Haplotype association analyses using inferred haplotypes in downstream analyses may be vulnerable to Type I error inflation and biased estimates of genetic effects due to misclassification of haplotype states25. Several aspects of this analysis mitigate these concerns. Phasing was conducted for cases and controls simultaneously, which provides greater control of Type I error than phasing these groups separately25. Differential misclassification of haplotype states is unlikely, since haplotype phasing was conducted without knowledge of disease status. Non-differential misclassification is more plausible; thus, reported effect estimates may be biased towards the null (haplotype has no effect on PBC risk). To safeguard against false positives, we conducted a replication study and applied a Bonferroni-corrected p-value threshold to address multiple testing in replication. Our benchmark method analysis that considered the uncertainty of haplotype phase also tagged ~82% of the gene analytic windows containing replicated 3-SNP haplotypes. Lastly, the frequency distributions for replicated 3-SNP haplotypes among controls in our study were consistent with the 1000G JPT reference panel. These results suggest that our method can reliably detect credible 3-SNP genic haplotypes associated with PBC risk.
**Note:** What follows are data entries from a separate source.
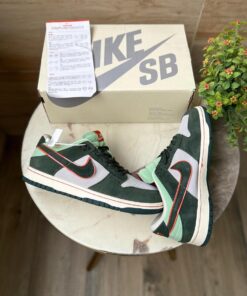 First Copy Nike Sb Dunk Low x Otomo Katsuhiro (Green)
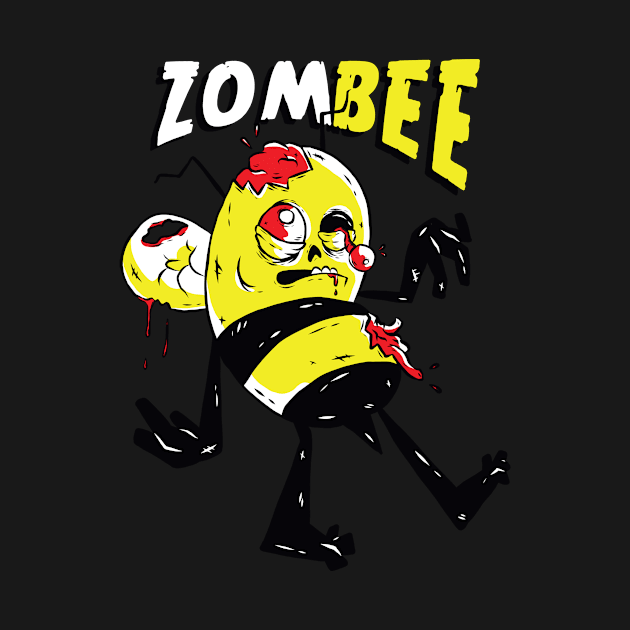 zombie by rueckemashirt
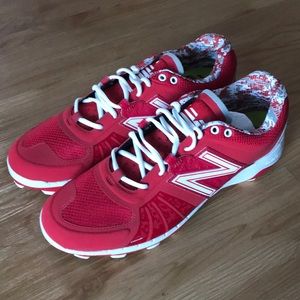 New Balance Molded Baseball Cleats
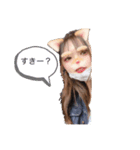 めろんぱん！！（個別スタンプ：3）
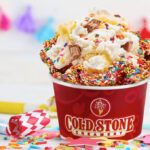 cold stone flavors ranked - cake batter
Limitations of our proposed method include not finding the haplotype with the strongest association (due to non-exhaustive testing) and missing risk haplotypes outside of genic regions. However, we replicated 49 out of 74 genic haplotype associations selected in discovery; replicated 3-SNP haplotypes also frequently included SNPs that overlapped top haplotype associations identified with the exhaustive testing-based benchmark method. Yet, exact matches between top haplotypes detected with the proposed and benchmark methods were not observed. Instead, replicated 3-SNP haplotypes detected by logic regression linked SNPs ~335 kb apart on average, with many contributing SNPs overlapping functional annotations in cell/tissue types relevant to PBC. Thus, the haplotypes detected with the proposed method: (a) frequently include SNPs that overlap genomic regions with top haplotype associations identified by an exhaustive testing-based benchmark method; (b) are unlikely to be detected with existing association methods; and (c) combine the effects of variably-spaced and potentially functional SNPs mapped to regions of the genome that are more likely to be transcribed.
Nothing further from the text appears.